Unlike Medicaid, ADAP doesn’t demand near-poverty, but your income must still fall below a certain level, which varies from state to state, as do ADAP formularies and other specifics -- and keep in mind that, at POZ presstime, 12 states had ADAP waiting lists!

And cheer up, Chad. Eddie Meraz, a benefits specialist at the San Francisco AIDS Foundation, says that a tax expert can often help you work it out so your taxable income qualifies you for ADAP next year. (All it may take is a tax-deductible donation -- perhaps to the very ASO that’s giving you all that free counsel in the first place.) ADAP can also be a godsend to the self-employed. Take Jim Pickett, 36, a Chicago freelance writer who claims just enough deductions on his earnings to meet Illinois’ roughly $35,000 ADAP income cutoff. But unless you’re a tax wiz, make sure you have a good accountant to work this numbers magic. Your job? Easy: Save every receipt!

OUT OF POCKET, OUT OF CONTROL

Do your monthly copays leave you shrieking “Mo’ Pay?
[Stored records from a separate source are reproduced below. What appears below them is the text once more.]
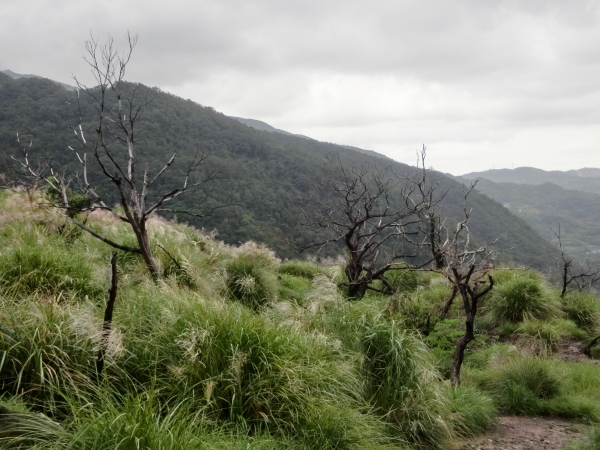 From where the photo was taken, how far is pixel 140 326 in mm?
4242

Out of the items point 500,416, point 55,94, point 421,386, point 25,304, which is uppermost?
point 55,94

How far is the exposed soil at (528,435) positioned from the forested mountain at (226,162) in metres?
15.7

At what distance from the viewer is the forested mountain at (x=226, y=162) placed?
30312mm

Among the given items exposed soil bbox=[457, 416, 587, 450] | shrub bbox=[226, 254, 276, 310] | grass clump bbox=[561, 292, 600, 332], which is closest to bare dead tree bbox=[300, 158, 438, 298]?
shrub bbox=[226, 254, 276, 310]

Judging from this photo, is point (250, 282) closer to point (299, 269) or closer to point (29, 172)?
point (299, 269)

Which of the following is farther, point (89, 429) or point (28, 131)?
point (28, 131)

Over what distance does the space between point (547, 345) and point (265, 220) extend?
85.5ft

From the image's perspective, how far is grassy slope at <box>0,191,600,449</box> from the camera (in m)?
3.28

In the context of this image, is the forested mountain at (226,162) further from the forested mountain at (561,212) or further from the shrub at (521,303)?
the forested mountain at (561,212)

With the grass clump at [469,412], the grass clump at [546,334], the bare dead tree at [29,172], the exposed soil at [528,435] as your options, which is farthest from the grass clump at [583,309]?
the bare dead tree at [29,172]

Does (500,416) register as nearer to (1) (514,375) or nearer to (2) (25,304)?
(1) (514,375)

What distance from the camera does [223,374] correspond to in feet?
12.5

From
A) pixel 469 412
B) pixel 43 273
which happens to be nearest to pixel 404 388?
pixel 469 412

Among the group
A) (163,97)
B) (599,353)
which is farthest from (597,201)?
(599,353)
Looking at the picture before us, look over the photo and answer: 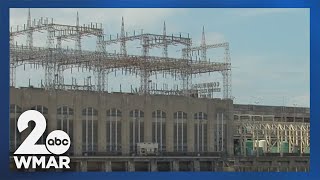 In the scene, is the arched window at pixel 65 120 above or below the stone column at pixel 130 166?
above

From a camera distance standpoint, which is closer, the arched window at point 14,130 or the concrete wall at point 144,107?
the arched window at point 14,130

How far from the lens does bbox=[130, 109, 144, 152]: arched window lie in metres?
8.11

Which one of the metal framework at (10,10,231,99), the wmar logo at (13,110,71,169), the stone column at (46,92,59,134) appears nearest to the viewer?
the wmar logo at (13,110,71,169)

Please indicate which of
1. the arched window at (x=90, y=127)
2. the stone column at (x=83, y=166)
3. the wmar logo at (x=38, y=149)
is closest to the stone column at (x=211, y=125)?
the arched window at (x=90, y=127)

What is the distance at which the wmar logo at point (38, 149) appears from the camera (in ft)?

No way!”? In no time at all, these three trusty tips will turn your big payouts into bigger paydays. POZ promises!

1. Come clean about copays. Let your doctor know about the bite they take out of your income. “So many people are afraid to say, ’I can’t afford these things,’” says GMHC’s Howard Schwartz. "The doctor might say, ’Look, you really don’t need this seventh medication.’" Do your part by rethinking how much you pay for noncovered supplements. Says Bay Area HIV-pro Mary Romeyn, MD, “The difference between $120 a month in boutique vitamins and $22 a month in mass-produced ones, while real, is probably less than $100.”

2. Beg pharma for freebies. Drug companies often provide meds free to the verylow-income through “patient-assistant programs” (PAP) -- good to checkout as a last resort should you not be able to get HIV and other essential therapies through some mix of private and public plans. But PAPs also provide drugs as relatively “frivolous” as the antibalding wonder Propecia. For a complete list of PAPs, click on the Pharmaceutical Research and Manufacturers of America’s www.phrma.org, or call 202.835.3400. 

3. Get mad! Get even! As long as health-care costs keep spiraling out of control, so will “cost sharing” -- the insurance industry’s euphemism for shoveling high costs onto you by way of premiums and copays. So if you’ve exhausted all cost-cutting tricks andstill feel the crunch, the only satisfaction left is to lobby your state and federal reps for an overhaul of the whole U.S.health-care system. Check out the health-care reform group www.familiesusa.org for info on whom and how to push.